More links
I’m trying to clear out the backlog of web pages that’ve been sitting open on my computer for the past week or so.
- Courtesy of Wired, an item about a guy who wants to create an airborne hologram of the Temple in Jerusalem to bring about the end days. His plan involves “an array of high-powered, water-cooled lasers [being fired] into a transparent cube suspended beneath a blimp.” Holograms, airships, and religion—what more could you want? (Apparently, though, some people (and the Left Behind books?) suggest that the original Temple was really somewhere nearby, rather than right where the Dome of the Rock is; that approach would, alas, eliminate the need for blimps and lasers.)
- Fascinating piece by British sf author Adam Roberts on metaphor and sf. Warning: contains critical theory, also some Heinlein-bashing. Ultra-brief version of my own rather simpler views on the subject: some of the best sf works on both a literal level and a metaphorical level, but I also find lots of value in stories that aren’t primarily metaphorical—for example, in stories that would be naturalistic fiction if the world and/or universe were other than they are.
- The Book of Ratings apparently rates things. It currently features ratings related to aspects of pirates. Accents get an A-, while Walking the Plank gets only a D.
- Some excellent and funny pictograms and awful or silly writing at the Hall of Technical Documentation Weirdness, much of which doesn’t really have anything to do with tech docs. The tenth image, the crankcase collar diagram, is rather un-work-safe even though it’s from a motorcycle shop manual.

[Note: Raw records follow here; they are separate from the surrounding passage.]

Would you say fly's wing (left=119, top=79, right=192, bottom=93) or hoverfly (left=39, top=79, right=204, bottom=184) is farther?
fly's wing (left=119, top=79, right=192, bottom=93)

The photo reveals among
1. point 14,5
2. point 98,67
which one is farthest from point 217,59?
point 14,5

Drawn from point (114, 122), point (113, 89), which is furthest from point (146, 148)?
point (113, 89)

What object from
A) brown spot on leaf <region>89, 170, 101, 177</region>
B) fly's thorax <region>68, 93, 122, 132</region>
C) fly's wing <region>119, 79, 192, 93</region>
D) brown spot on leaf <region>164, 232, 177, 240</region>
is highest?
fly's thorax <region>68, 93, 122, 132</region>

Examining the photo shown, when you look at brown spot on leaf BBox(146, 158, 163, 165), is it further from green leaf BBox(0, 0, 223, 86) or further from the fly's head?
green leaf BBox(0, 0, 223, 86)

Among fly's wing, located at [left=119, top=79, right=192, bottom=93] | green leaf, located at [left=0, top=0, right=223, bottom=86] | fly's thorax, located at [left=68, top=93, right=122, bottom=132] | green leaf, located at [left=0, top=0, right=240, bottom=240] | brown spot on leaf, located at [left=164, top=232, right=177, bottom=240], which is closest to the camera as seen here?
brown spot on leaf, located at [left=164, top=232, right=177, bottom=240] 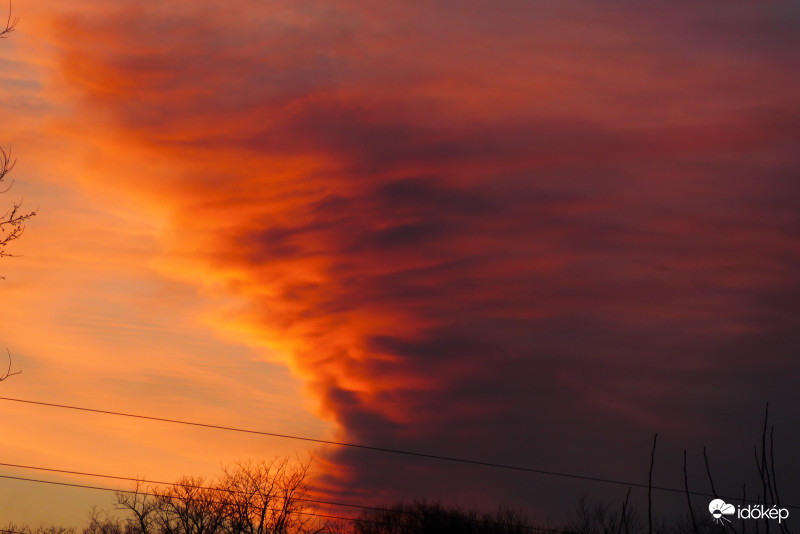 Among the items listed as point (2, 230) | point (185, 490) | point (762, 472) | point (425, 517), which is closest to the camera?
point (762, 472)

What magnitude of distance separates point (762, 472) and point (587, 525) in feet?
204

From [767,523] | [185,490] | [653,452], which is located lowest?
[767,523]

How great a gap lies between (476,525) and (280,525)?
20.0 m

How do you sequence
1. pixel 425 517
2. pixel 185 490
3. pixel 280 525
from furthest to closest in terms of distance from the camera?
pixel 425 517 → pixel 185 490 → pixel 280 525

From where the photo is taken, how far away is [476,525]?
68.2 m

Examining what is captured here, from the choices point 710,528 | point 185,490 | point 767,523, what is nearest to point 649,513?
point 767,523

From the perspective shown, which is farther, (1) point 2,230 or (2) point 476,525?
(2) point 476,525

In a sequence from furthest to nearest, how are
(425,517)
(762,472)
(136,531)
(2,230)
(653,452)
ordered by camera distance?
(425,517), (136,531), (2,230), (653,452), (762,472)

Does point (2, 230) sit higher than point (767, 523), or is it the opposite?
point (2, 230)

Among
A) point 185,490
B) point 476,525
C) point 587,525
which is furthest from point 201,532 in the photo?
point 587,525

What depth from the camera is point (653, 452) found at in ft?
27.9

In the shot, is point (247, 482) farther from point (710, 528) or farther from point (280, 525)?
point (710, 528)

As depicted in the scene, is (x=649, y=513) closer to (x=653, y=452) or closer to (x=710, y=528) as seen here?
(x=653, y=452)

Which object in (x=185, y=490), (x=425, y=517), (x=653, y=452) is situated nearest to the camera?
(x=653, y=452) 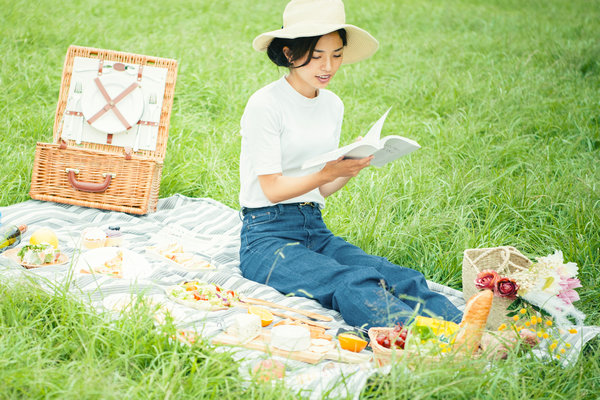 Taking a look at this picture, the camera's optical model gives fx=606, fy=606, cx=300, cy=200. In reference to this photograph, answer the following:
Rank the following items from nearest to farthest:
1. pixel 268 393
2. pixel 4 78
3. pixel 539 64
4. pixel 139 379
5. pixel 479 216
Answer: pixel 268 393 → pixel 139 379 → pixel 479 216 → pixel 4 78 → pixel 539 64

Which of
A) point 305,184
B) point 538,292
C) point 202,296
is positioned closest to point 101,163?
point 202,296

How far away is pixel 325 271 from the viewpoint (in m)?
2.90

- This week’s SCI FICTION features a novelette by Elizabeth Bear and a reprint by Manly Wade Wellman, and if only I can dig up some time somewhere, I’m looking forward to reading both of them soon.
- Meanwhile, The Infinite Matrix is running a weekly “unblog” by Howard Waldrop. It can’t be a blog, because Howard doesn’t have a computer or a Net connection; I’m guessing he’s papermailing his entries (okay, I guess you can call them “columns” if you want to) to Eileen.
- If you want to use spiffy curved/slanted quotation marks in your journal entries instead of straight up-and-down ones, you may want to try the texturizer. If you’d rather do the conversion on your own than use a web page, there’s a similar (but apparently not quite as smart) smart quotes utility in Perl.
- The Language Identifier analyzes text you enter and tells you what language it’s in, without actually translating it.
- Apparently the latest fashion in the Netherlands is implanting tiny jewelry in the mucous membrane of the eye.